This YouTuber says that, at least in Michigan, the decedent must be in a box, and they do sell heavy-duty cardboard boxes for this purpose for about $75. They do not need to be dressed in any particular way.
TL - DW - about “Embalming Conjoined Twins” - that was a Zoom presentation with several morticians, and none of them had ever done it, or knew of anyone who did.
I suspect vaults are used to keep the ground level over the years to come.
My paternal grandmother prepaid her funeral in the early 1990s, and then there were a lot of news reports about these being fraudulent. My dad took the paperwork to an attorney, who told him that everything was legitimate, and when Grandma died in 2007, everything was taken care of except that she lived in t-shirts and sweatshirts for her last few years and didn’t have a “nice” blouse for the viewing, so my mother went to Walmart and found this shirt in what looked like her size with a ruffle on it, and that’s what she was buried in.

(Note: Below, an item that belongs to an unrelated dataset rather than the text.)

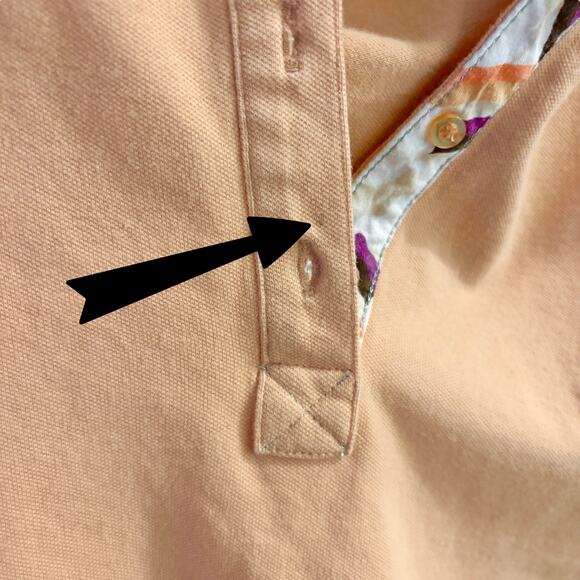 Y2K Heatherette Unicorn Polo Shirt Small Peach Orange Short Sleeve Distressed - Picture 3 of 10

Have you heard the story of the invention of the automatic phone exchange?
Almon Brown Strowger was a funeral parlour owner who is said to have suspected that the switchboard operator in his town directed all calls away from him and re-directed them to the only other funeral parlour in town - because the owner was her husband.
So he invented the automatic phone exchange to not only solve his problem but to permanently put all switchboard operators out of a job. Revenge is sweet.
Of course that last part isn’t really true since I suspect that by the time switchboard operators were entirely phased out, Almon Strowger and his business had long moved on. But anyway, cute story.
You would be surprised at the number of people who have a strong negative reaction at the very thought of a loved one’s body decaying. Mortuaries make a lot of their money from the hands of people who WANT the body to be preserved.
I will be cremated in the handbasket I use for my celebrity death pool research storage. To get used to the heat. Dip your toes, lower legs, torso, etc… in gradually. You do go feet first, don’t you?
My friend Sharon is afraid of being burned postmortem, so cremation is out. She’s freaked out by bugs, so no burial. She seriously wants her husband to empty their chest freezer and put her in it, then have candles and pictures of her on the freezer.
Thank you. I forwarded it to her and she responded immediately “Fuck You”. About a half hour later she sent me a long text updating me on her and her family’s recent stuff.
IMO if people want to spend money on a funeral, it’s pretty much ok. Pay off the creditors etc. but if it brings solace to the survivors, ok.
That said, I’d be asking the funeral director if he had any coffins in “saran wrap” for me. We’re going back to the earth, the water table, etc. Let it go.
Last week, my fiancée and I attended a seminar intended to get us to buy an all-inclusive cremation package. I asked if they had a Soylent Green option.